I’m compiling existing code developed against gcc with clang/lld. The code has construct similar to:
__attribute__((section(".my_const,\"MSa\",@progbits,1 #")))
which is applied to every data symbol which should reside in this section, the goal being that the toolchain performs string deduplication and merging to save space.
On gcc, this works fine. On clang, it’s not possible to “inject” assembler input into section
attribute like this.
As alternative, I’ve tried adding __asm__(".section \".my_const\",\"MSa\",@progbits,1\n")
, hoping that the data symbols marked with section((".my_const"))
will then fall into that pre-defined section. Instead, I see that the output file has both “.my_const” sections: 1 with my given SHF_MERGE|SHF_STRINGS|SHF_ALLOC, sh_entsize=1 settings, and another that is created by the toolchain. All symbols actually wind up getting allocated into the toolchain-defined section, instead of the mergeable one. e.g.
[Nr] Name Type Address Off Size ES Flg Lk Inf Al
[ 3] .my_const PROGBITS 0000000000000000 000040 000000 01 AMS 0 0 1
[ 9] .my_const PROGBITS 0000000000000000 0004a0 000124 00 A 0 0 1
There is no space savings with this approach. It’s confusing to me as a user that the section name is not unique.

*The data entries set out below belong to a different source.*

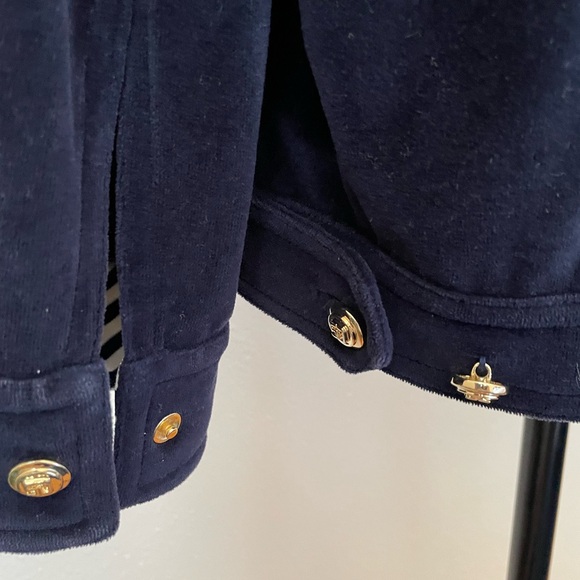 ST.JOHN SPORT by Marie Gray Cotton Blend Velvet Jacket Gold-Buttons Blue Sz.M - Picture 5 of 11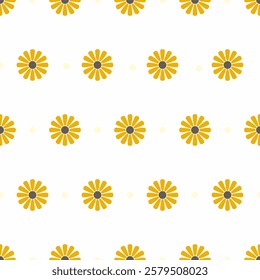 floral sunflower seamless and continuous pattern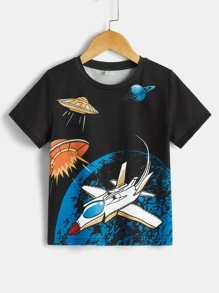 Toddler Boys Cartoon Graphic Tee - Black - View 1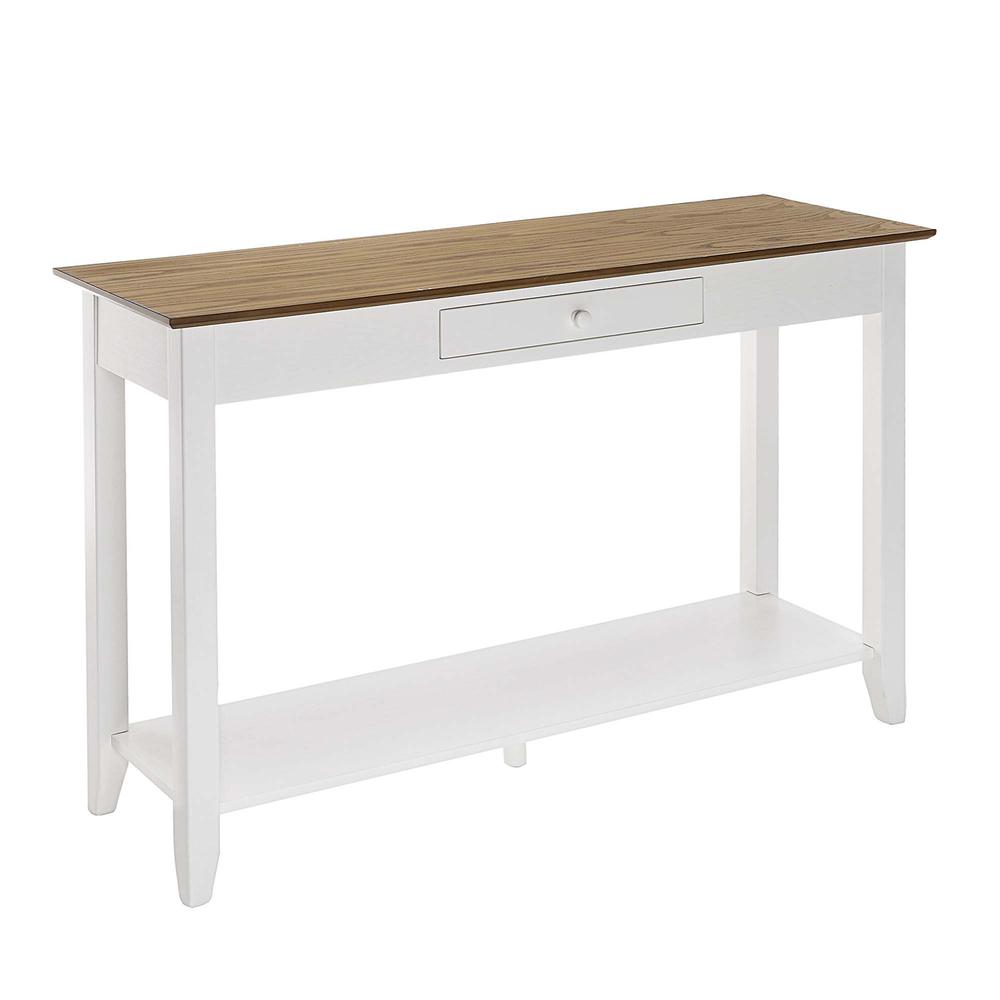 American Heritage 1 Drawer Console Table with Shelf, Driftwood/White. Picture 1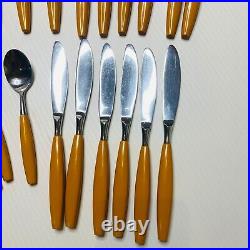 Vtg Lot of 42 MCM Lucky Wood Stainless Japan Utensils Cutlery Flatware Luckywood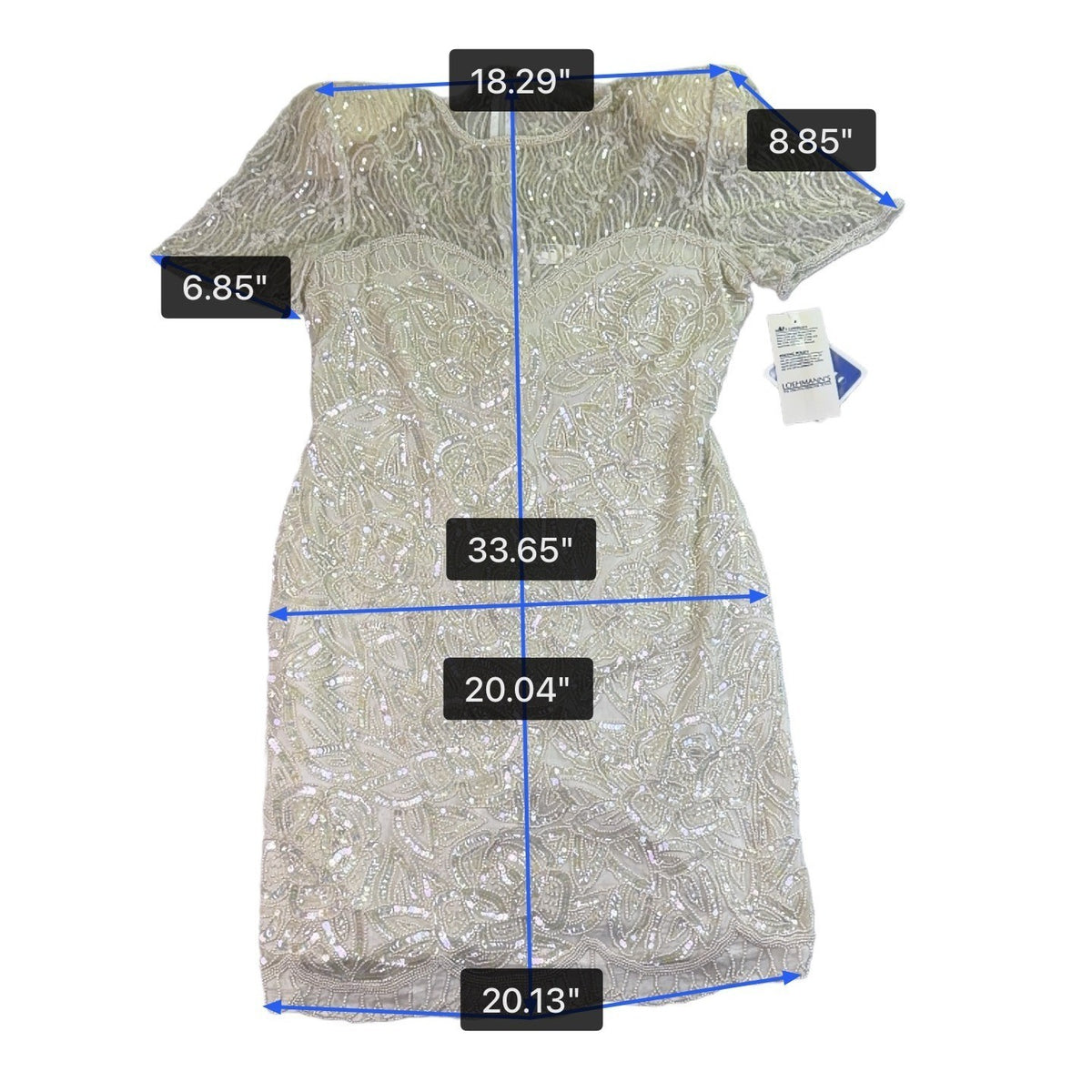 Sweelo Womens Ivory Silk Beaded Short Sleeve Dress Elegant Sequins Layered Sz XL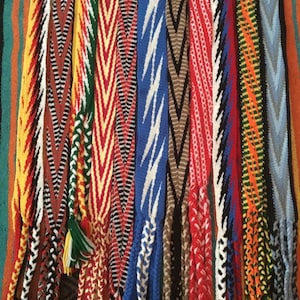 Custom made Cherokee finger weaving belts and garters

Another thing I’ve tried is to run llvm-objcopy --set-section-flags=.my_const=merge,strings,alloc
as a post-build step (in this build, the objects are compiled and then linked in another step - I’ve added the objcopy
step before the final link). While this does set the flags correctly on the intermediate object files, there is still no space savings/merging occurring when doing the final link.
Is there a way to get similar behavior on llvm as gcc in this case?
Completely different approach I’m considering is to compress the sections with -Wl,--compress-sections==.my_const=zlib
, however being compatible with existing construct would be better.